Aug 30, 2004 - 8:53 am 29. Catherine:

Samuel & Terrye

Assuming we’re talking about NYC, I just read last week, in the Westchester section, that the ratio of Democrats to Republicans is 5 to 1.

Republicans are now substantially outnumbered in Westchester, too. I think the ratio here is 4 Democrats for 3 Republicans, which is way higher than I would have pegged it. I would have said there’s me and then there’s George Bush’s cousin John, who, I discovered via the blogosphere, lives in my town. So that makes a total of 1 Republican in all of Westchester since I’m still a registered Democrat.)
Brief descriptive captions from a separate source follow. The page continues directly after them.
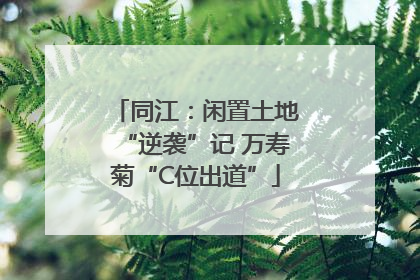 同江：闲置土地“逆袭”记 万寿菊“C位出道”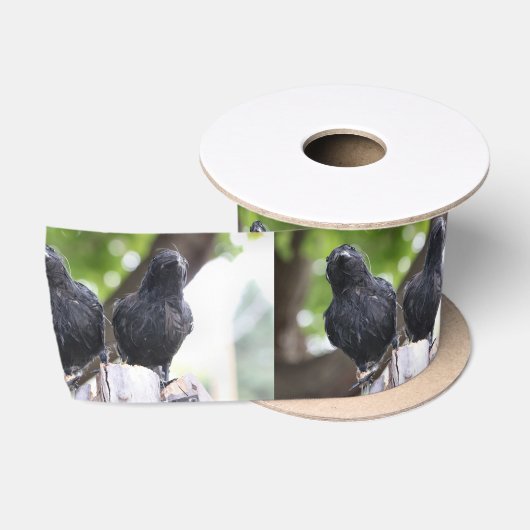 Raven-lint Satijnen Lint (Spoel)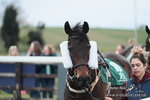 Edgecote Races 13/04/25 portfolio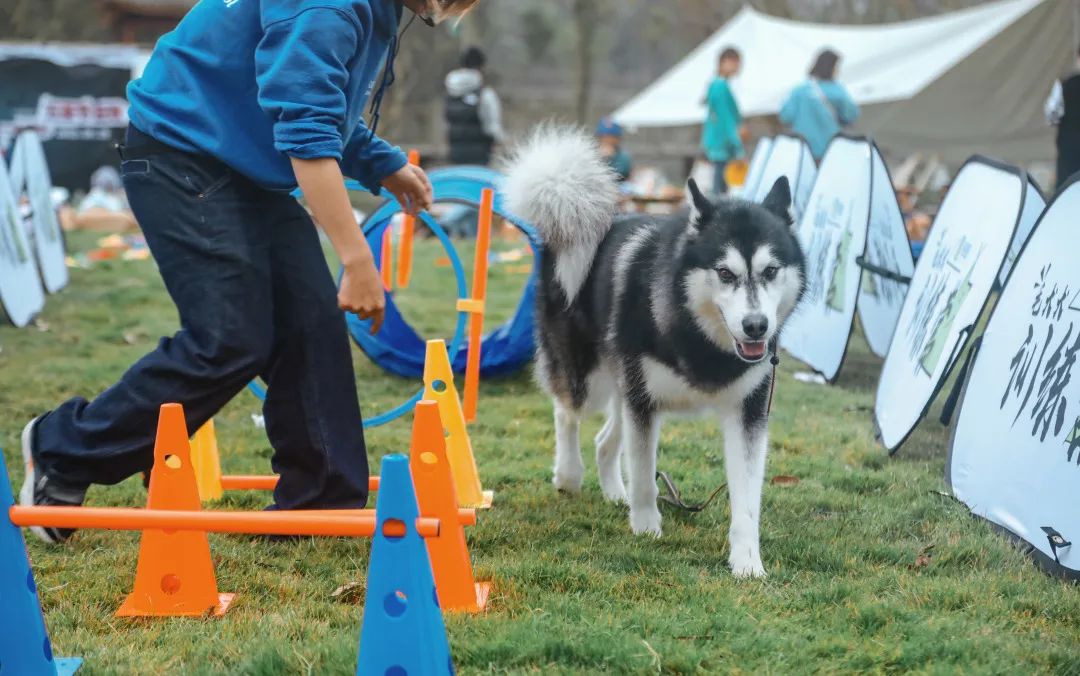 萌宠万圣狂欢夜,萌宠露营云龙区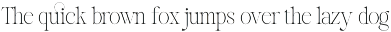 Reichamerina font family preview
Aug 30, 2004 - 8:57 am 30. jerry:

Catherine:

I have always attributed the “no feudalims, no socilaism” to Seymour Martin Lipsit. Learn something new every day.

Aug 30, 2004 - 9:00 am 31. Samuel:

Catherine

I heard that only 61% of New York Republicans are supporting Bush. It seems that New York is the inversion of the South. In North Carolina Democrats outnumber Republicans by more than 20%, yet Bush carried North Carolina by 13%.

Aug 30, 2004 - 9:05 am 32. Knucklehead:

The irregularities of Kerry’s military service just keep getting deeper.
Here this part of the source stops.